AWS Kinesis connector
Amazon Web Services (AWS) Kinesis is a fully managed service that stores and processes large streams of data in real time.
StarTree customers can use the Amazon Kinesis connector to create a table in Apache Pinot. As soon as the integration is set up, StarTree will automatically start to ingest data from the specified Kinesis data stream.
To begin, from the StarTree Data Manager overview page, click Create a dataset.
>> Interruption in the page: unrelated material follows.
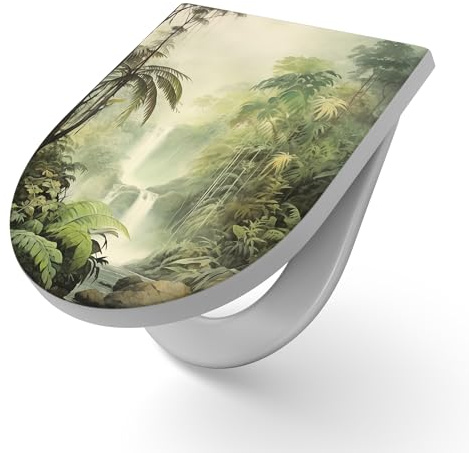 DEQORI Toilettensitz mit Motiv Das grüne Paradies | WC Sitz in Weiß aus Duroplast | Format 36,4x45,4 cm – antibakterielle Klobrille für D-Form WC mit Deckel – pflegeleicht & dekorativ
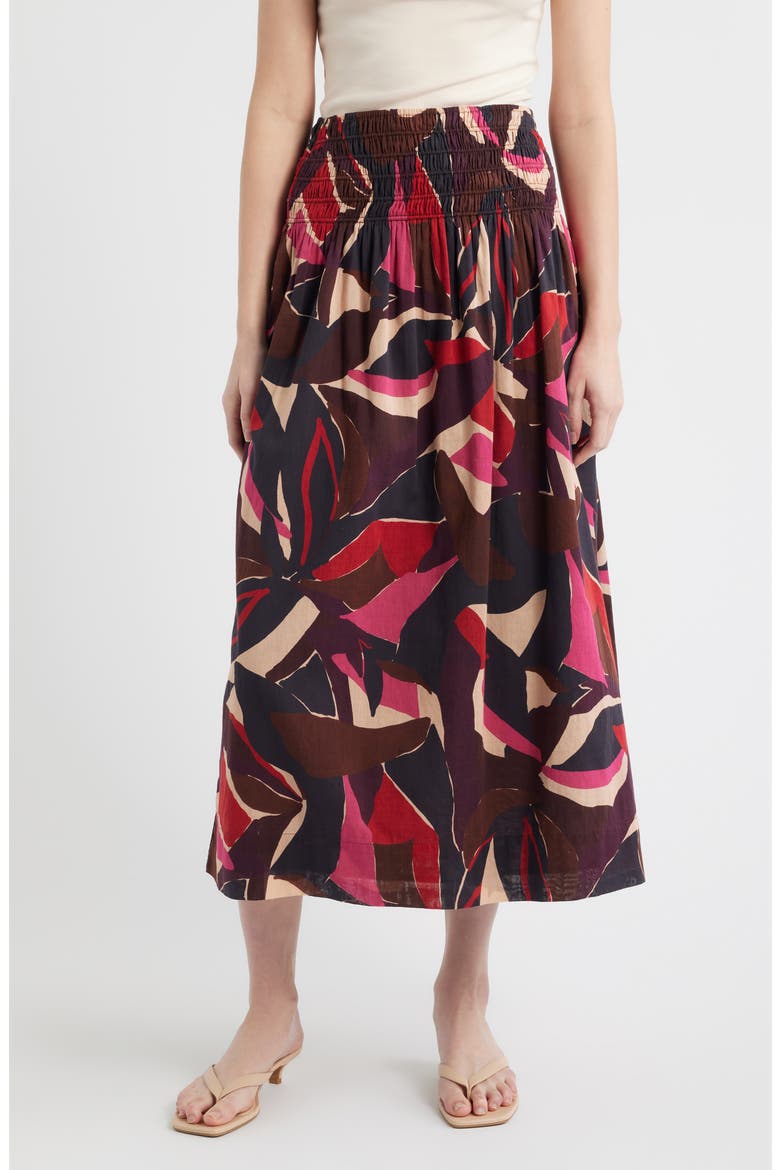 Alessa Smock Waist Cotton Midi Skirt, Main, color, PARADISE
Then, on the Select Connection Type page, click Amazon Kinesis.
Connect StarTree to Amazon Kinesis
Use one of the following methods to create a connection to AWS Kinesis:
- AWS access and secret keys
- AWS cross-account Identity and Access Management (IAM) roles
Both of these options require you to configure an AWS IAM policy first.
Configure AWS IAM policy
-
Open the AWS IAM dashboard, click Policies, and click Create policy.
-
Click the JSON tab and create the following policy, replacing my-stream-name with the stream name that you will use to establish the connection.
{
"Version": "2012-10-17",
"Statement": [
{
"Sid": "VisualEditor0",
"Effect": "Allow",
"Action": [
"kinesis:ListShards",
"kinesis:DescribeStream",
"kinesis:GetRecords",
"kinesis:GetShardIterator"
],
"Resource": [
"arn:aws:kinesis:*:*:stream/my-stream-name"
]
},
{
"Sid": "VisualEditor1",
"Effect": "Allow",
"Action": [
"kinesis:ListStreams"
],
"Resource": [
"*"
]
}
]
}
- Provide the Policy name, such as
kinesis-my-stream-policy
, and click Create policy.
Select one of the connection creation options to continue.
Option 1: Create a connection using access and secret keys
You will need the following information to create a connection with Amazon Kinesis when using your AWS access key and a secret key pair.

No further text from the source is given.